Scraped caption text data:
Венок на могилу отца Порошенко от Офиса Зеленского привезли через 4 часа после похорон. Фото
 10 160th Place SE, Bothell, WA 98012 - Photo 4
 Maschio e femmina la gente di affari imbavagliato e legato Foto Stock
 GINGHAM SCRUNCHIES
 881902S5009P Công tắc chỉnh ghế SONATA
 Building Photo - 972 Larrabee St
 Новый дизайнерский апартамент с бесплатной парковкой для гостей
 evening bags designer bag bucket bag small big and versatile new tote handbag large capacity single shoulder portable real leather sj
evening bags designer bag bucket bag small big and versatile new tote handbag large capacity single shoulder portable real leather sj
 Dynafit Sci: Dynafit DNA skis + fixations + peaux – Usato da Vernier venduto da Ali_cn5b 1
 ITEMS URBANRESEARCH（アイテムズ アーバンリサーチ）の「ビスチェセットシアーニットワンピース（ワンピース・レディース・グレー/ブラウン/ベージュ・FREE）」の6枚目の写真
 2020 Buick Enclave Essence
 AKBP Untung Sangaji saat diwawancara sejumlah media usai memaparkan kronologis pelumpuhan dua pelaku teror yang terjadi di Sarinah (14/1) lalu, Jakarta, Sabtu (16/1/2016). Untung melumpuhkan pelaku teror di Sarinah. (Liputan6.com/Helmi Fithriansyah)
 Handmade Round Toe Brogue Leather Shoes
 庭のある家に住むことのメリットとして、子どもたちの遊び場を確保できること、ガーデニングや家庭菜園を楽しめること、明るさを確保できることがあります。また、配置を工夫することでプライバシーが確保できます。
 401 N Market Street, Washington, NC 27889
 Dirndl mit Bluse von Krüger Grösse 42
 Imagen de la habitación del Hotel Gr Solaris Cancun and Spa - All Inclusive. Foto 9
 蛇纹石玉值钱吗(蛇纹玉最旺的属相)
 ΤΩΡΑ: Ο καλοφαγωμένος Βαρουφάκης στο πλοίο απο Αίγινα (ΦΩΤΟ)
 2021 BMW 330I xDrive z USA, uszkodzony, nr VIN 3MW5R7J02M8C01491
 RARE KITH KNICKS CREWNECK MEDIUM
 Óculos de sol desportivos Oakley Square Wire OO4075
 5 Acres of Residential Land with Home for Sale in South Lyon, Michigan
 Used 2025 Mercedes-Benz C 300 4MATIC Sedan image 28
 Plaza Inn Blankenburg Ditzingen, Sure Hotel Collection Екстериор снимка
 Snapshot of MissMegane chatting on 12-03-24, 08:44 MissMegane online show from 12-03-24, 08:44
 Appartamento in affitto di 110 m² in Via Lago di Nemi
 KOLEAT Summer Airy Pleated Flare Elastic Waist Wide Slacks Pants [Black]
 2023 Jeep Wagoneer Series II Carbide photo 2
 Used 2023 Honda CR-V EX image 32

* **What the exercise asks**: Exact copies of every record are required, so retype them in full.

* **Output of the exercise**:
Венок на могилу отца Порошенко от Офиса Зеленского привезли через 4 часа после похорон. Фото
 10 160th Place SE, Bothell, WA 98012 - Photo 4
 Maschio e femmina la gente di affari imbavagliato e legato Foto Stock
 GINGHAM SCRUNCHIES
 881902S5009P Công tắc chỉnh ghế SONATA
 Building Photo - 972 Larrabee St
 Новый дизайнерский апартамент с бесплатной парковкой для гостей
 evening bags designer bag bucket bag small big and versatile new tote handbag large capacity single shoulder portable real leather sj
evening bags designer bag bucket bag small big and versatile new tote handbag large capacity single shoulder portable real leather sj
 Dynafit Sci: Dynafit DNA skis + fixations + peaux – Usato da Vernier venduto da Ali_cn5b 1
 ITEMS URBANRESEARCH（アイテムズ アーバンリサーチ）の「ビスチェセットシアーニットワンピース（ワンピース・レディース・グレー/ブラウン/ベージュ・FREE）」の6枚目の写真
 2020 Buick Enclave Essence
 AKBP Untung Sangaji saat diwawancara sejumlah media usai memaparkan kronologis pelumpuhan dua pelaku teror yang terjadi di Sarinah (14/1) lalu, Jakarta, Sabtu (16/1/2016). Untung melumpuhkan pelaku teror di Sarinah. (Liputan6.com/Helmi Fithriansyah)
 Handmade Round Toe Brogue Leather Shoes
 庭のある家に住むことのメリットとして、子どもたちの遊び場を確保できること、ガーデニングや家庭菜園を楽しめること、明るさを確保できることがあります。また、配置を工夫することでプライバシーが確保できます。
 401 N Market Street, Washington, NC 27889
 Dirndl mit Bluse von Krüger Grösse 42
 Imagen de la habitación del Hotel Gr Solaris Cancun and Spa - All Inclusive. Foto 9
 蛇纹石玉值钱吗(蛇纹玉最旺的属相)
 ΤΩΡΑ: Ο καλοφαγωμένος Βαρουφάκης στο πλοίο απο Αίγινα (ΦΩΤΟ)
 2021 BMW 330I xDrive z USA, uszkodzony, nr VIN 3MW5R7J02M8C01491
 RARE KITH KNICKS CREWNECK MEDIUM
 Óculos de sol desportivos Oakley Square Wire OO4075
 5 Acres of Residential Land with Home for Sale in South Lyon, Michigan
 Used 2025 Mercedes-Benz C 300 4MATIC Sedan image 28
 Plaza Inn Blankenburg Ditzingen, Sure Hotel Collection Екстериор снимка
 Snapshot of MissMegane chatting on 12-03-24, 08:44 MissMegane online show from 12-03-24, 08:44
 Appartamento in affitto di 110 m² in Via Lago di Nemi
 KOLEAT Summer Airy Pleated Flare Elastic Waist Wide Slacks Pants [Black]
 2023 Jeep Wagoneer Series II Carbide photo 2
 Used 2023 Honda CR-V EX image 32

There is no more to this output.